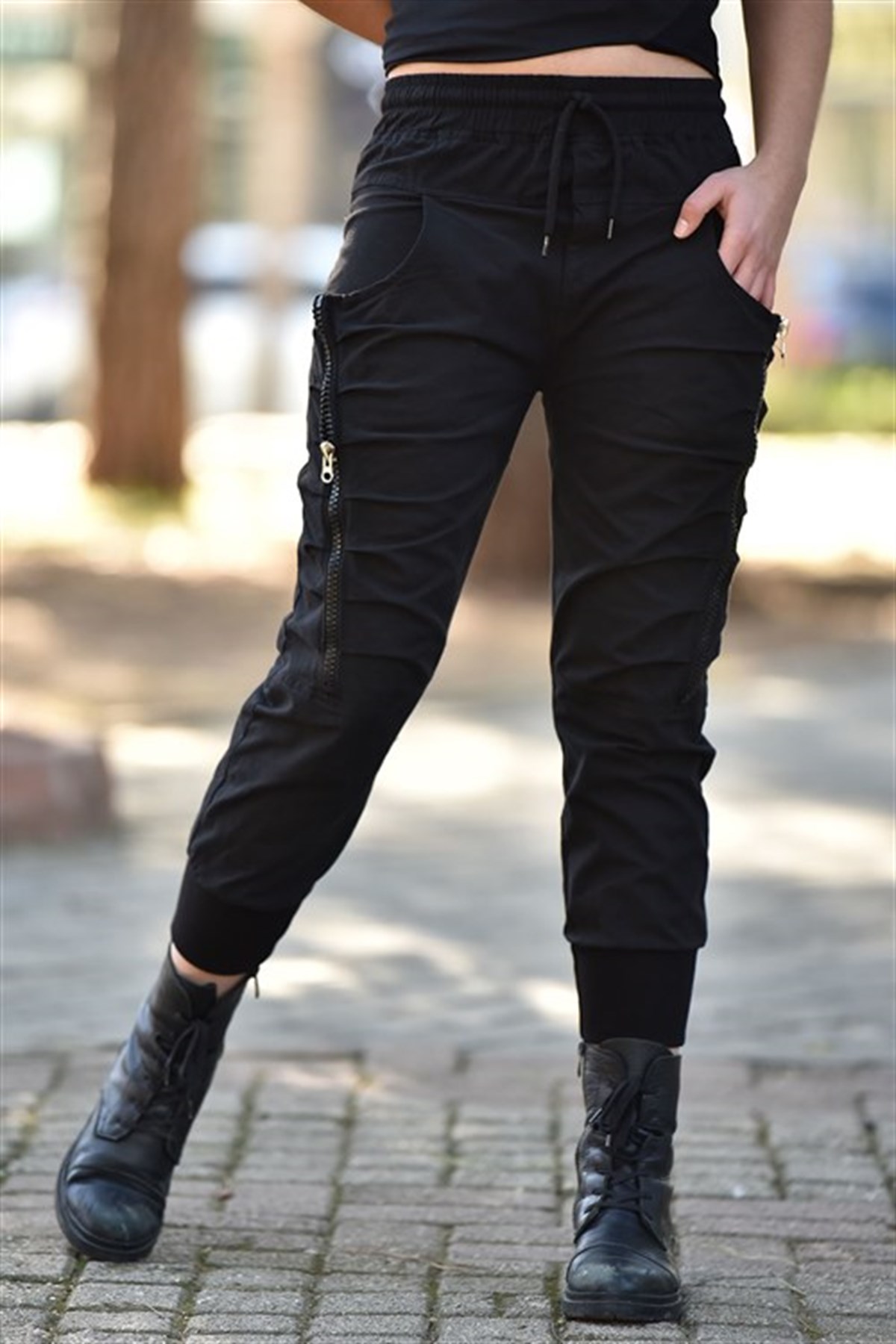 Siyah Cepleri Fermuarlı Paçası Lastikli Pantolon - Şaman Butik - Bohem  Giyim ve Aksesuar | Kadın & Erkek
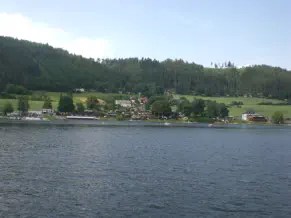 die Alter-Bucht von der Wasserseite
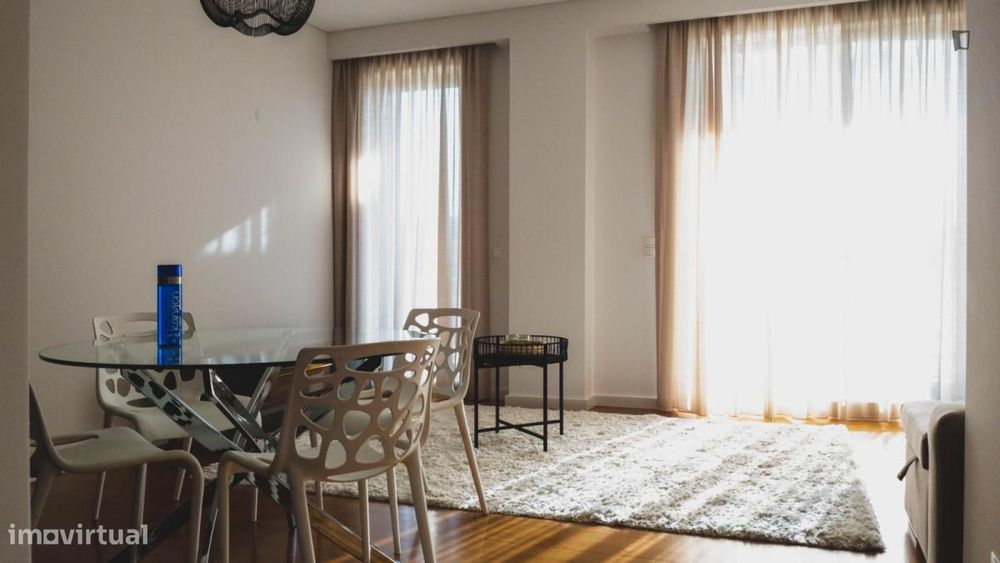 Apartamento com 1 quartos - localizado em Valbom Porto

^^^^^^^^^^^^^^^^

> [What this task involves] Take the line containing "die Alter-Bucht von der Wasserseite" and all lines after it to the end of the data above, and reproduce them exactly, leaving out pictures. Nothing else belongs in the copy.

> [Response to the task]
 die Alter-Bucht von der Wasserseite
 Apartamento com 1 quartos - localizado em Valbom Porto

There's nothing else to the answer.